[Opening DATA FOR THIS EXERCISE section]

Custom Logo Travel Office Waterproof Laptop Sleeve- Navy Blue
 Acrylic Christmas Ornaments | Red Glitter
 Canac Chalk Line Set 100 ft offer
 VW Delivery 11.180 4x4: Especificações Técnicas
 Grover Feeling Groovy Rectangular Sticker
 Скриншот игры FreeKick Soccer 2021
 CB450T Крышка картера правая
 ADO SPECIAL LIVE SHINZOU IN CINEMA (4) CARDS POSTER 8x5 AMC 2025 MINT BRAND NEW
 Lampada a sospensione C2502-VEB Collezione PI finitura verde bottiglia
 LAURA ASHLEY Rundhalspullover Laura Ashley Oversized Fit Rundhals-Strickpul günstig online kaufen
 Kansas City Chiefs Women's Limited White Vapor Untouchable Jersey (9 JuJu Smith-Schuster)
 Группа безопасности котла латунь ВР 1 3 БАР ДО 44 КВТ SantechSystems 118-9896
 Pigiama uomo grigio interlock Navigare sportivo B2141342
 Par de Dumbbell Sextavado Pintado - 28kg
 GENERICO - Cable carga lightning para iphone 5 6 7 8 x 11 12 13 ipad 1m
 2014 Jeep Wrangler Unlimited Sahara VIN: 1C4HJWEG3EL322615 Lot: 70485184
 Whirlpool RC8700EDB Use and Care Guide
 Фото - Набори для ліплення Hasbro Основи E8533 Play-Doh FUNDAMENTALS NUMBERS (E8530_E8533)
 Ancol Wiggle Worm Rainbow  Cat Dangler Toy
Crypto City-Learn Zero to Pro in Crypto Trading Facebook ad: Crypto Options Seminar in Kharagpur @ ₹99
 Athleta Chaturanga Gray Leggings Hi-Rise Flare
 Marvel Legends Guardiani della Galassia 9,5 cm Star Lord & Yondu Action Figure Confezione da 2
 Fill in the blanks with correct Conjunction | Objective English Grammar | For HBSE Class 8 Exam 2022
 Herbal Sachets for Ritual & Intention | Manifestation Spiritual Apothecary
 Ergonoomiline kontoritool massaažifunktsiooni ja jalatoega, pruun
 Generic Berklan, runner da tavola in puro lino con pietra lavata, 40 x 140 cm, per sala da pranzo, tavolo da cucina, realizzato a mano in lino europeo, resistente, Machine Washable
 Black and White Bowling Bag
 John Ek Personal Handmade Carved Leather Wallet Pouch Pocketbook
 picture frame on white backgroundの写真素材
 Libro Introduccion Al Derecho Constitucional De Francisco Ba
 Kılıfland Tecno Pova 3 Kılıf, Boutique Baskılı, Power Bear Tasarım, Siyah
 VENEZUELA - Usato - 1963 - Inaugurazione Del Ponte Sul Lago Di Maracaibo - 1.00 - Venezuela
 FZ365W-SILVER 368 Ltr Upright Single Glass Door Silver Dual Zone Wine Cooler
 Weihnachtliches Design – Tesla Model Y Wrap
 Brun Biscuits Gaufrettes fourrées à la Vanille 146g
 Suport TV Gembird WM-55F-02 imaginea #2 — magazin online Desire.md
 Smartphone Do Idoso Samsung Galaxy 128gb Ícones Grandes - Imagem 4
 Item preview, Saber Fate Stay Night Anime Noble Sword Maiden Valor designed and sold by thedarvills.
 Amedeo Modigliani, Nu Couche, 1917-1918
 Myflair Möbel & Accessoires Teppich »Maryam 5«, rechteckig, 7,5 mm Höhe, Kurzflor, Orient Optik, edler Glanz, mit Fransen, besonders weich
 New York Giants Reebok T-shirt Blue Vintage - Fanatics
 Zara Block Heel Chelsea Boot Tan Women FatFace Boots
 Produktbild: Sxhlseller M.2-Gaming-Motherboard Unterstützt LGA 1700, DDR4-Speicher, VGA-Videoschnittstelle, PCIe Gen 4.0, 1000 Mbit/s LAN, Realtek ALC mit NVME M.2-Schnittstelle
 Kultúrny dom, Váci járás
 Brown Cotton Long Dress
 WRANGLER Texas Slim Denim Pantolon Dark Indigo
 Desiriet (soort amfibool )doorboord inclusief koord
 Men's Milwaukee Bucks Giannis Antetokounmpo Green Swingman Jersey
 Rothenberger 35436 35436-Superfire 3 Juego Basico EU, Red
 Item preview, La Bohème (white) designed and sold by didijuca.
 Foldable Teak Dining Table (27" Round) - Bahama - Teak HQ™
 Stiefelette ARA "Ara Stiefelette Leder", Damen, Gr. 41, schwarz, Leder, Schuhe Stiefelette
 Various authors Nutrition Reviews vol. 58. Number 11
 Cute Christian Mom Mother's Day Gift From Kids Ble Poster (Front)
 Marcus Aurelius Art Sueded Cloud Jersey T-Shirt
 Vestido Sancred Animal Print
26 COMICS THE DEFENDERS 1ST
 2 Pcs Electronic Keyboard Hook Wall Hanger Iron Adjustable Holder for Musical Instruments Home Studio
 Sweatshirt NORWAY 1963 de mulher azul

[Closing DATA FOR THIS EXERCISE section]

All lines above between those holding "Athleta Chaturanga Gray" and "Herbal Sachets for", inclusive, must be set down unchanged, and no other line may be included.

 Athleta Chaturanga Gray Leggings Hi-Rise Flare
 Marvel Legends Guardiani della Galassia 9,5 cm Star Lord & Yondu Action Figure Confezione da 2
 Fill in the blanks with correct Conjunction | Objective English Grammar | For HBSE Class 8 Exam 2022
 Herbal Sachets for Ritual & Intention | Manifestation Spiritual Apothecary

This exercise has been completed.